Domestic team information
- 2002–2022: Yorkshire (squad no. 17)
- FC debut: 3 August 2005 Yorkshire v Bangladesh A
- LA debut: 29 August 2002 Yorkshire v Northamptonshire

Career statistics
| Competition | FC | LA | T20 |
| Matches | 185 | 97 | 63 |
| Runs scored | 2,699 | 250 | 9 |
| Batting average | 15.16 | 12.50 | 1.80 |
| 100s/50s | 0/4 | 0/0 | 0/0 |
| Top score | 63* | 25* | 3* |
| Balls bowled | 30,432 | 4,116 | 1,290 |
| Wickets | 489 | 122 | 61 |
| Bowling average | 27.57 | 28.88 | 29.68 |
| 5 wickets in innings | 10 | 2 | 0 |
| 10 wickets in match | 0 | 0 | 0 |
| Best bowling | 6/40 | 6/32 | 4/30 |
| Catches/stumpings | 37/– | 17/– | 10/– |
- Source: ESPNcricinfo, 2 October 2022

= Steven Patterson =

English cricketer (born 1983)

Steven Andrew Patterson (born 3 October 1983) is a former English first class cricketer, who played for Yorkshire County Cricket Club.

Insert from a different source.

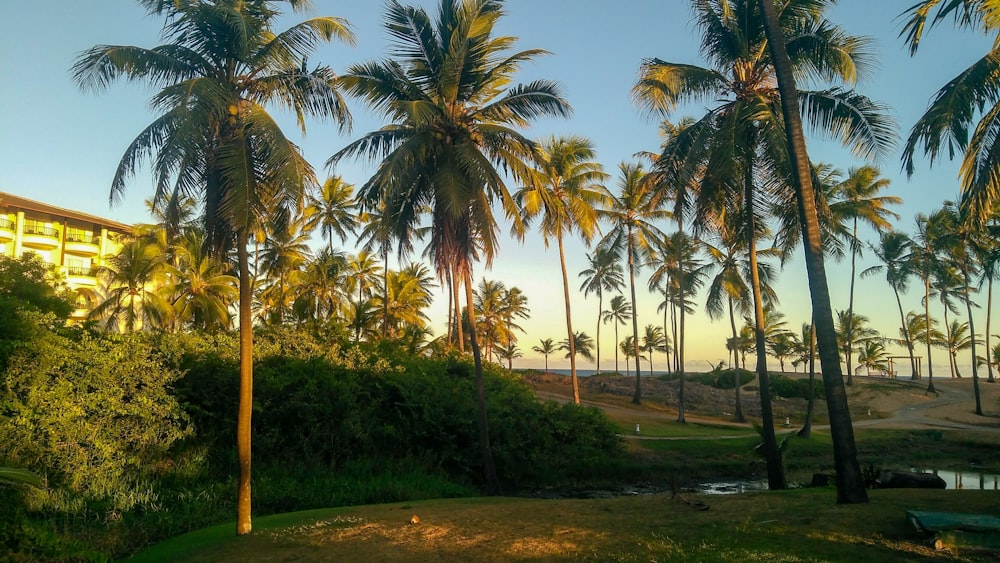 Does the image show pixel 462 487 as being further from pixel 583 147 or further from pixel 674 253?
pixel 674 253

A tall seam bowler and right hand lower order batsman, Patterson made his first-class debut in 2005 against Bangladesh A, having first played one-day cricket for his native county in 2002. Patterson attended Leeds University from 2002 to 2005, where he studied mathematics whilst playing part-time for Yorkshire County Cricket Club. Six first-class matches, up to the end of 2006, brought him 85 runs at 14.16, with a best score of 46 and two wickets.

Patterson secured a regular County Championship place in the side at the start of the 2010 season.

Patterson was appointed as captain of the side for the 2019 season, and continued in that role until 2022. In September 2022 he announced his retirement.